U.S crude exports steady
US crude exports are not expected to slow following the spike in freight rates as global firmness will prevent Asian-crude buyers from purchasing in other regions, according to S&P Global Platts Analytics. The market is expected to adjust to the higher freight costs to keep the flow of crude moving out of the USGC.
Rate levels for key global VLCC markets showed similar upward movements, with 270,000 Persian Gulf-China freight moving up to w102 and the 260,000 mt West Africa-China route up to w115, up w5 and w20, respectively.
VLCC markets face a supply shortage
The VLCC market has seen a number of supply-draining events ahead of the COSCO sanctions, including attacks on Saudi oil infrastructure, US sanctions on Iranian-origin crude, and IMO 2020 preparations. Although not all COSCO-owned ships are impacted by the sanctions, charterers have been keen on steering clear of utilizing any of the shipowner’s 40-45 VLCCs.
There were four other VLCCs booked out of the USGC for discharge in China or South Korea late Thursday and early Friday. Hyundai Oilbank placed new-build VLCC, Agios Nikolas on subjects at $12.3 million for a two-port load at East Coast Mexico and the USGC on November 13-17, discharging in South Korea. The ship was taken at an immense discount to typical market levels due to the ship embarking on its maiden voyage, shipping sources said.

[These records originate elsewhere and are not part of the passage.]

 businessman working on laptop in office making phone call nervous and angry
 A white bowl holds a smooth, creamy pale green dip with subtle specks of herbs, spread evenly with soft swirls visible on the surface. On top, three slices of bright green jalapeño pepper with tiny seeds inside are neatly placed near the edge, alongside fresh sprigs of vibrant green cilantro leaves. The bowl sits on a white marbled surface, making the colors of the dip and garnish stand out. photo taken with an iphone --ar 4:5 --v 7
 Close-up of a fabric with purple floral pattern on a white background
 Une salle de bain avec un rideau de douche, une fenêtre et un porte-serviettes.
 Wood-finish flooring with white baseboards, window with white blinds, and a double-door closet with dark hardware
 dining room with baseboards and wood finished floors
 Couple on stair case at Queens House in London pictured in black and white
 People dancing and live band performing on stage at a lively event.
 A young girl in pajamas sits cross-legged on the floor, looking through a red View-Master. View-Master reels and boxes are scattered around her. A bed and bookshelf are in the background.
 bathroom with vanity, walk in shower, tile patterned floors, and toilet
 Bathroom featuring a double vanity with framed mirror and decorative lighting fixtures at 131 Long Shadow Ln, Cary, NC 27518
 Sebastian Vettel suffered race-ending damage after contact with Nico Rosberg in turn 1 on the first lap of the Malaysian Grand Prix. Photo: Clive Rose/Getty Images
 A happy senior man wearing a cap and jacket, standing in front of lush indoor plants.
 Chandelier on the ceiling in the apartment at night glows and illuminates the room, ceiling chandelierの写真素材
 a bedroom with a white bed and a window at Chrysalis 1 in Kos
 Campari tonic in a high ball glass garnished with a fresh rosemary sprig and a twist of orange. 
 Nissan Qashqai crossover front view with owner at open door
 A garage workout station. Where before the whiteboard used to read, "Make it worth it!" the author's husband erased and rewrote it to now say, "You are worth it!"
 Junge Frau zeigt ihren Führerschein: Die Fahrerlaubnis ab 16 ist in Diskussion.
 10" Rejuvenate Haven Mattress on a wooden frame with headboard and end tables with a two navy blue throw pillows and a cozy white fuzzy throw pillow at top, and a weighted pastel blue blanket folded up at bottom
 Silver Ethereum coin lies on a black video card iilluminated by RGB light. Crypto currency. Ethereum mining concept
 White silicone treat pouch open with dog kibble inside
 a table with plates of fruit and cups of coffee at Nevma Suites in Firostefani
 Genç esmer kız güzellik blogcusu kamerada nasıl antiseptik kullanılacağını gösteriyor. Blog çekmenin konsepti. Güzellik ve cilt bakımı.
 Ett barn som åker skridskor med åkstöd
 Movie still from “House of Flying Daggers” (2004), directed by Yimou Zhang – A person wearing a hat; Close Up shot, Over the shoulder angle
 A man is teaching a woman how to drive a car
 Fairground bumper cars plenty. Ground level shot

Equinor and SK Energy booked VLCCs for USGC-South Korea runs, with Equinor taking the Qamran at $12 million for a November 15-20 laycan, while SK replaced the Maxim with the Pacific M for November 10-14 dates at $12.35 million. Phillips 66 jumpstarted the rate rally, booking the Syfnos, an older ship, for a USGC-China run at lump sum $11.9 million, loading November 15-20.